EXERCISE DATA
*** Begin section ***

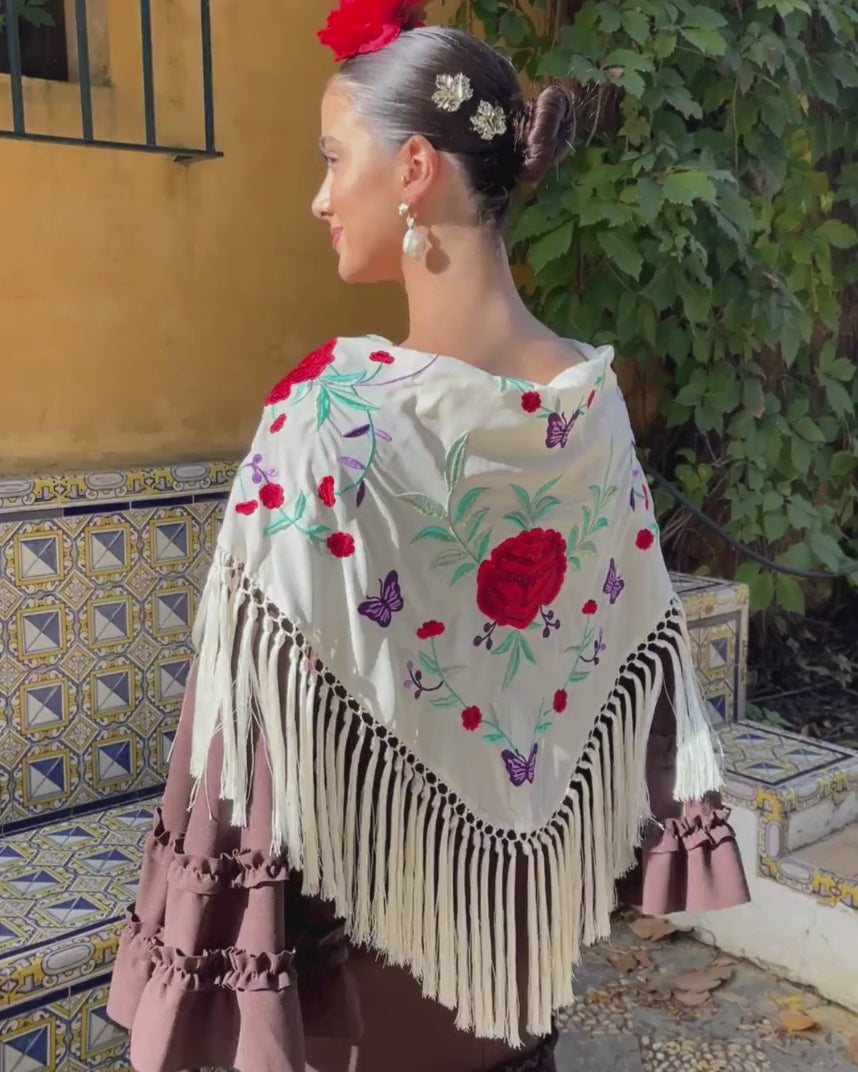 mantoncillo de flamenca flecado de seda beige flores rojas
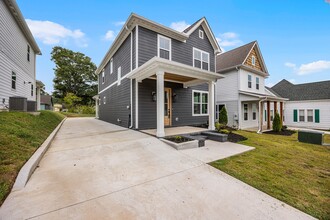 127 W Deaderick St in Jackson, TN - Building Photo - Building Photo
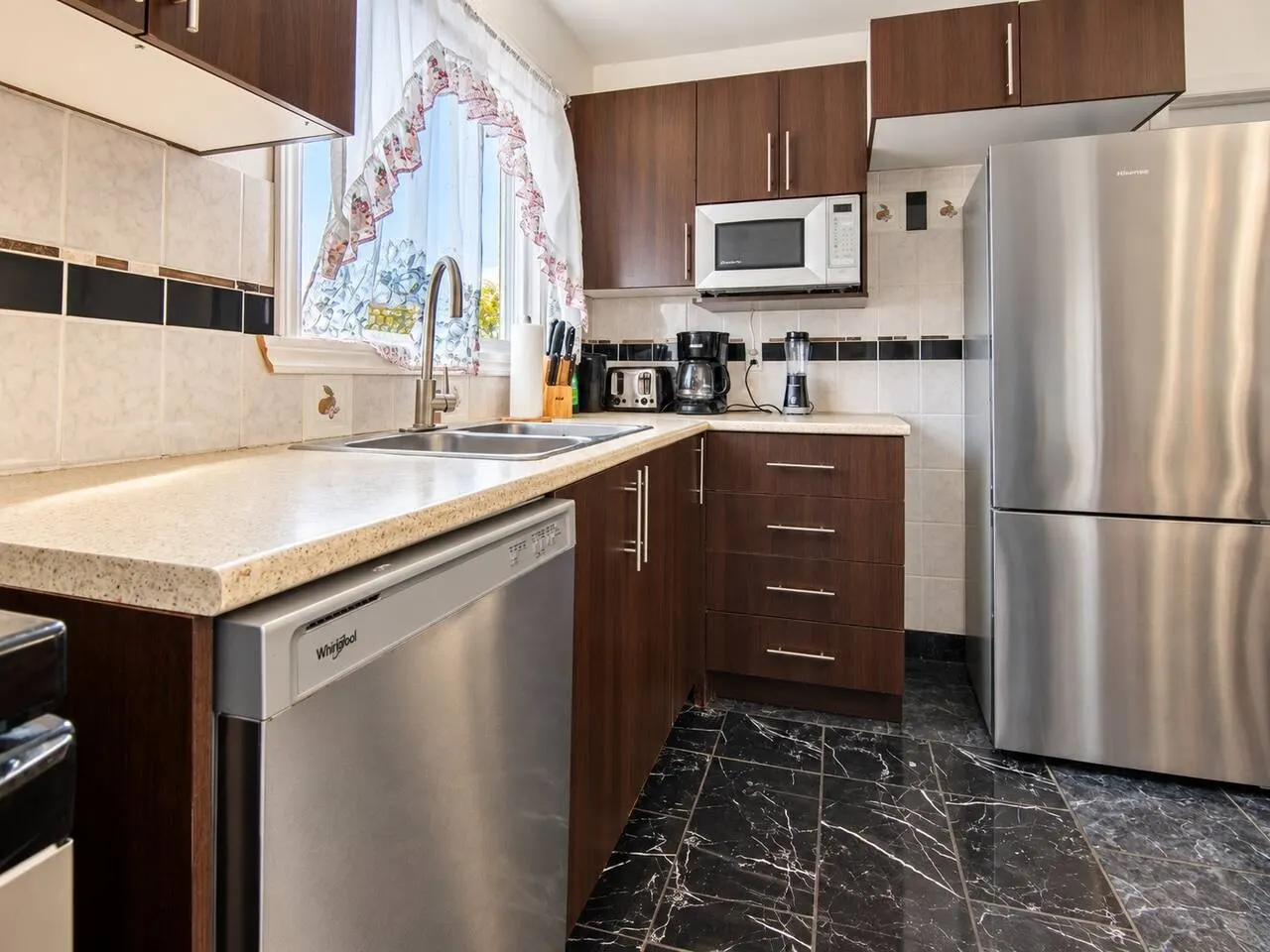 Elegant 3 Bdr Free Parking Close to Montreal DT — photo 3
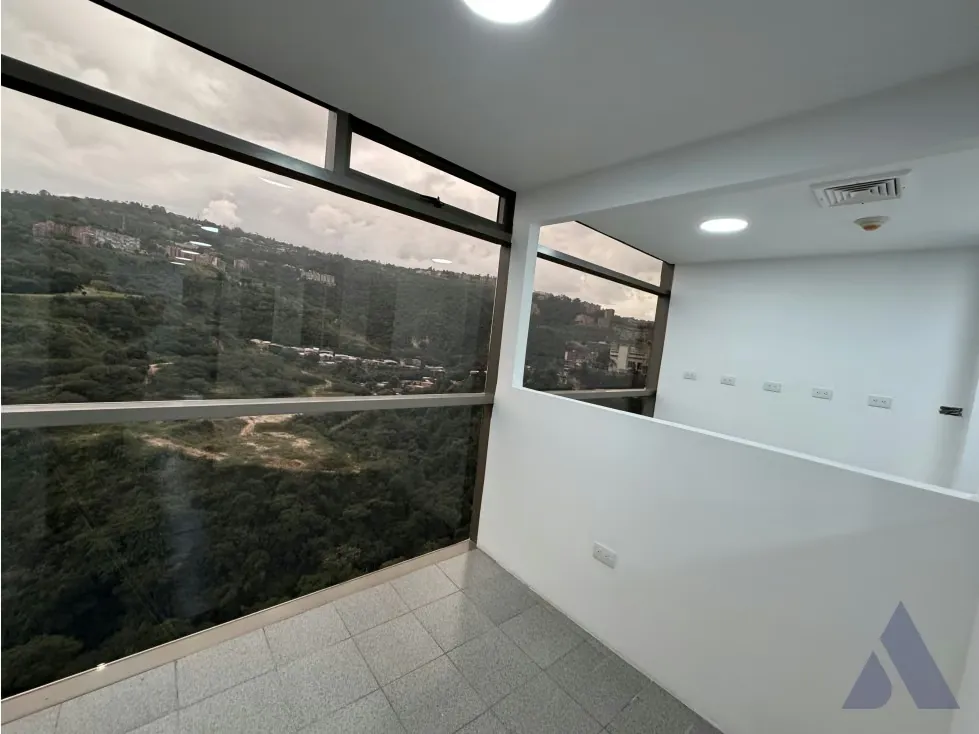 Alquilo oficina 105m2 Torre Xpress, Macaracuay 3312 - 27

*** End section ***
*** Begin section ***

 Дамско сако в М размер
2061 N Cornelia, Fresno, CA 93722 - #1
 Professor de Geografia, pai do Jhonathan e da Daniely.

*** End section ***

TRY IT
Above are records; repeat only the lines starting at the line with "2061 N Cornelia, Fresno, CA 93722 - #1" and ending at the line with "Professor de Geografia, pai", exactly as they appear, both included.

OUTPUT FOR THIS EXERCISE
2061 N Cornelia, Fresno, CA 93722 - #1
 Professor de Geografia, pai do Jhonathan e da Daniely.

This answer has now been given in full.